General AI is complicated to design from scratch, especially if we want to teach it everything at once (so-called ‘end-to-end’). It is more feasible to do if the whole problem of learning and designing is deconstructed into several (less complicated) “sub-problems” which we know how to tackle. For example, it is clear that we want the AI to understand and remember images, so it needs the ability to analyze them and a memory to store data. We want it to be able to communicate with humans, so It will need to write, read and understand language. It will also need to learn and adapt to new things, and much more. We call solutions for each sub-problem skills.
A skill can be seen as an ability or heuristic which helps the AI solve a particular problem. Importantly, each skill can also be used for learning other skills, significantly reducing the search space for solving other sub-problems.
Skills can range from simple and concrete (like the ability to recognize faces, add numbers, open doors, etc.) to more abstract ones (like the ability to build a model of the world, to compress temporal / spatial data, to receive an error signal and adapt accordingly, to acquire new knowledge without forgetting older knowledge, etc.). Skills also provide a simple way to measure how the system works, as it is clear how to measure which system is better in understanding speech, classification, and game playing. However, evaluating general AI as a whole is still unclear.
General AI will essentially be a system that exhibits a very large set of skills. Some of those skills might be hard coded by programmers, but most will be learned. Take, for example, the evolution of humans. Evolution provided us with some hardcoded skills or predispositions, but most of what we know we need to learn during our lifetimes – from our parents, the environment, or society. Those skills cannot be hardcoded because humans, just like an AI, need to be able to adapt to unknown future situations. Sometimes it is also easier to teach the desired skill than to add it as a part of the design. On the other hand, letting the AI discover all skills by itself would be slow and inefficient. This means that our job is to identify essential skills and find the most efficient ways to transfer them to a general AI system – by hardcoding them or by teaching them. It is not necessary to find the best skills. Any skills which have the desired properties and which enable the AI to further learn and improve itself can move us closer to general AI.
Just like an AI has to use efficient methods when searching for problem solutions, AI researchers must also look for efficient shortcuts to narrow the search for the general AI architecture, optimal curriculum, etc., as we can’t effectively explore the entire space of potential solutions. We can, for example, draw inspiration from evolution, animal brains, or other systems designs. Part of the problem is also what general AI architecture and skill set is easier for us to attain now, with our current knowledge and resources. The framework, roadmap, the Institute are all part of a method for narrowing the search for the architecture and the curriculum to teach it. Individual sub-problems can be also outsourced to other researchers and institutions.

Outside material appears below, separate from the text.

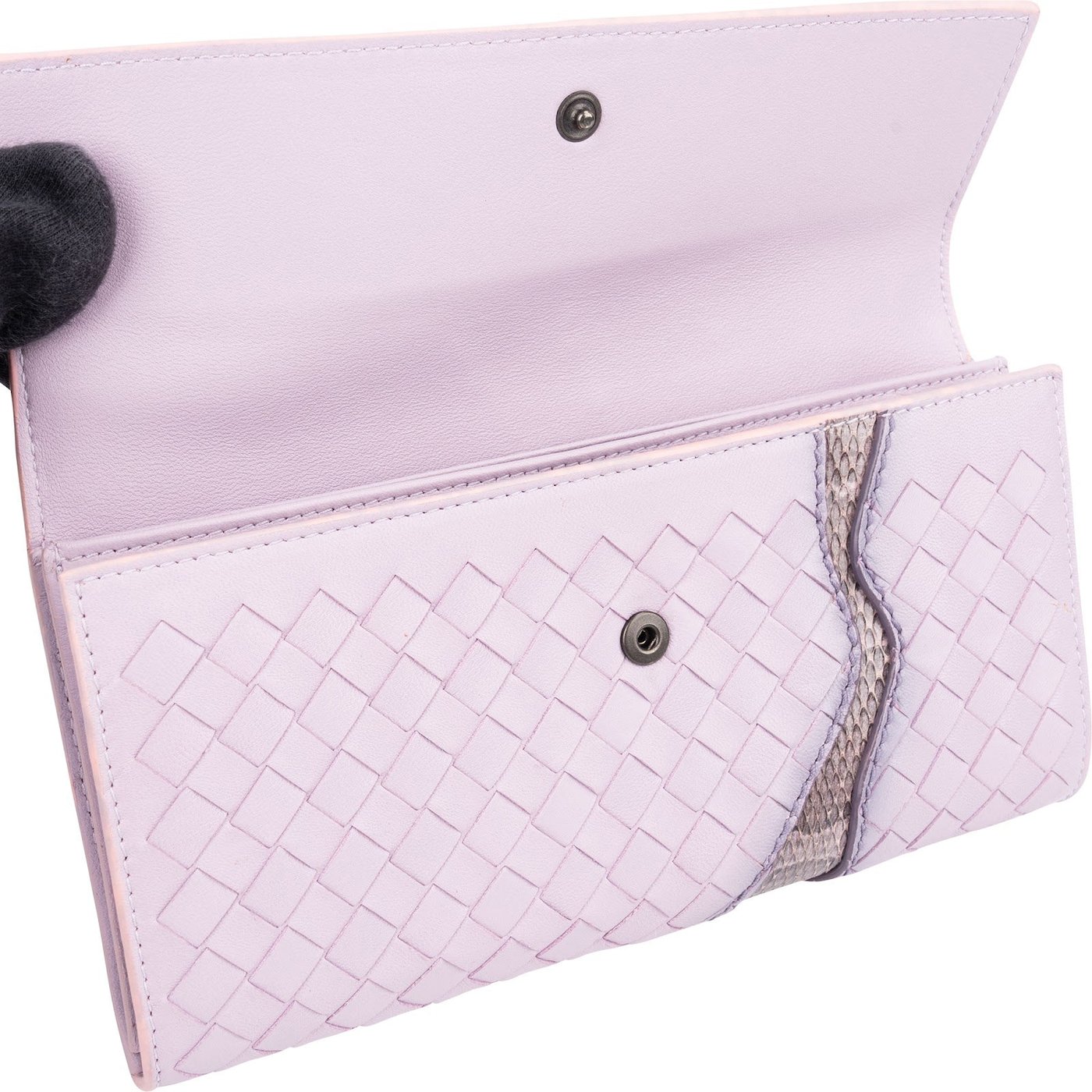 Bottega Veneta Lilac Intrecciato Ayers Python Leather Continental Wallet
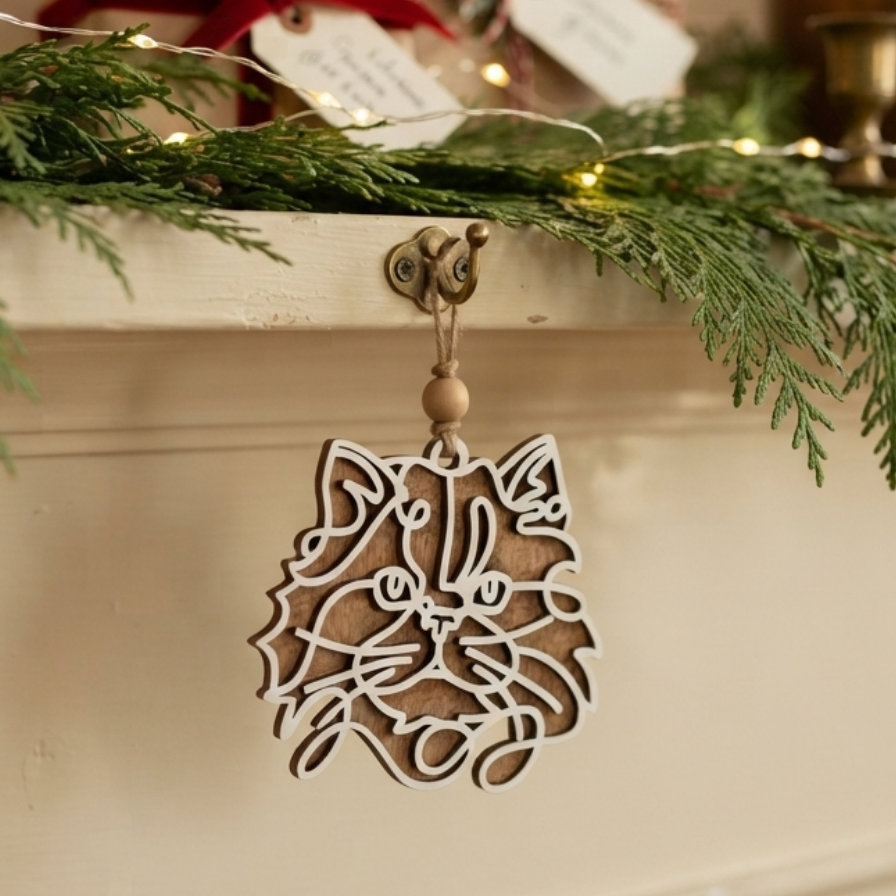 A laser-cut wooden cat-shaped Christmas ornament hanging from a metal hook on a mantel decorated with evergreen branches and warm string lights.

We can ask questions like, “What is the minimal skill set that is sufficient for human-level AGI?” If we can optimize the process by cutting out all unnecessary skills, we can get to our goal faster. On the other hand, the learning algorithm alone wouldn’t be sufficient; we also need thousands or millions of learned skills for the particular domain. Without them, the AI wouldn’t be able to start solving the problems we need. For example, driving a car is not a crucial skill for a researcher AI living only in the world of internet and scientific publications, but a skill such as the ability to generalize to similar, but previously unseen situations is universal, and falls into the category of necessary skills for every general AI).